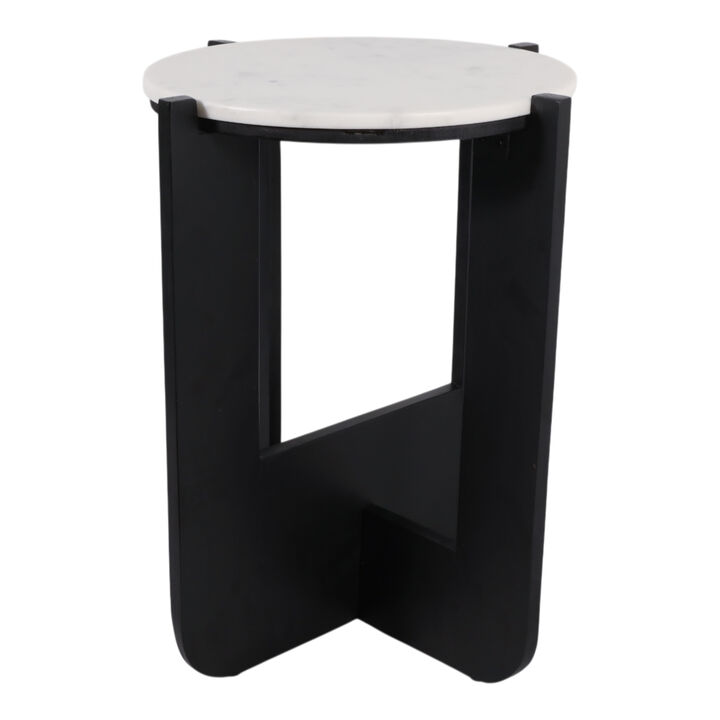 Criss-Cross Marble Top Accent Table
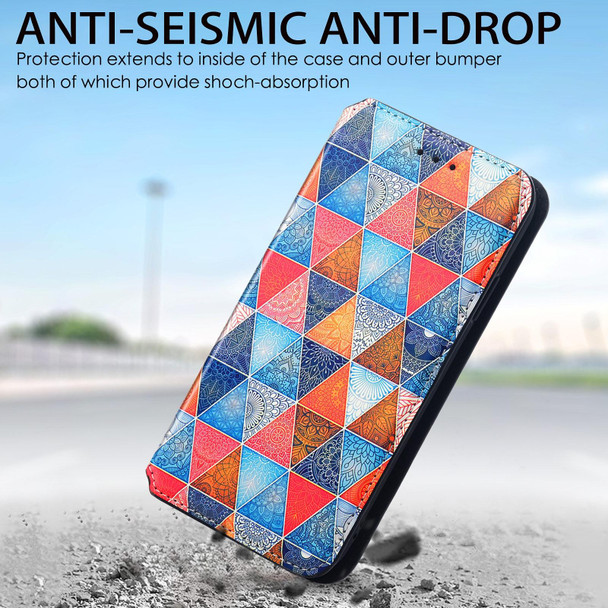 Colorful Magnetic Horizontal Flip PU Leatherette Case with Holder & Card Slot & Wallet - iPhone 13 Pro Max(Rhombus Mandala)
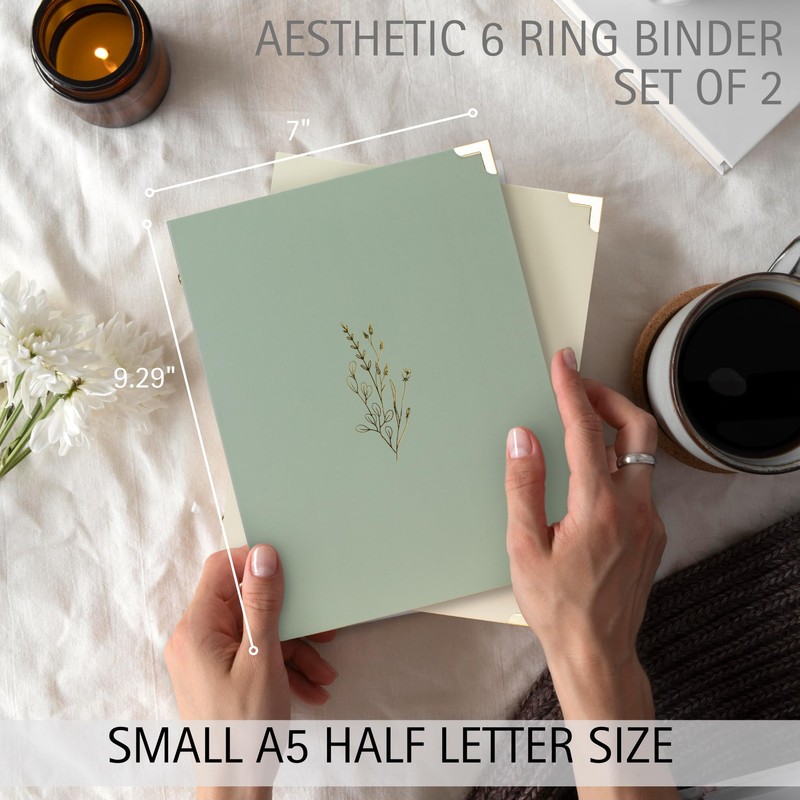 Aesthetic 6 Ring A5 Binder Set of 2 - The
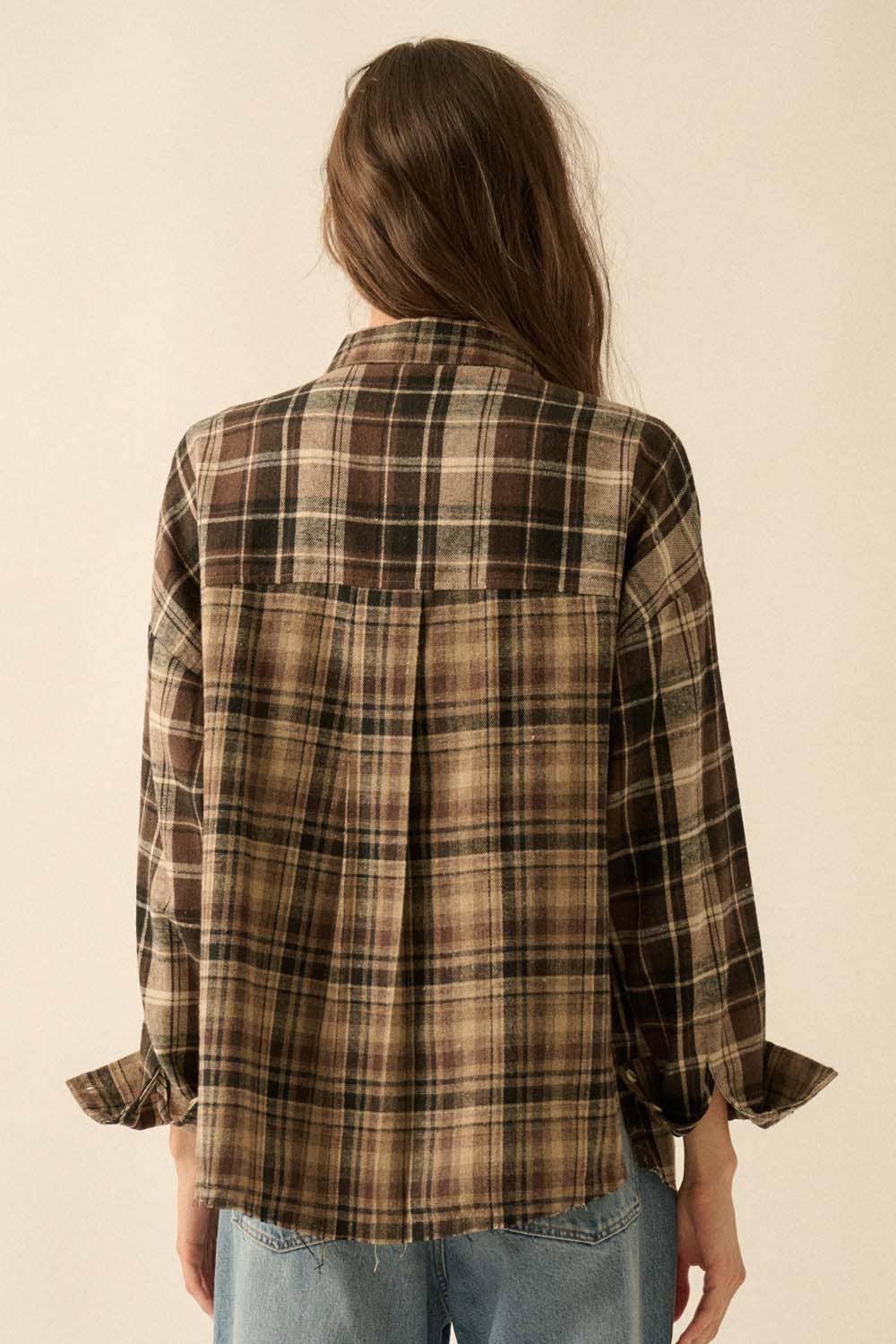 Colorblock Plaid Flannel Loose-Fit Button-Up Shirt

■ ■ ■ ■ ■

Task brief: Your copy should hold exactly the lines from the line containing "Colorful Magnetic Horizontal" through the last line of the listing above, both included, and no pictures.

Answer to the exercise:
 Colorful Magnetic Horizontal Flip PU Leatherette Case with Holder & Card Slot & Wallet - iPhone 13 Pro Max(Rhombus Mandala)
 Aesthetic 6 Ring A5 Binder Set of 2 - The
 Colorblock Plaid Flannel Loose-Fit Button-Up Shirt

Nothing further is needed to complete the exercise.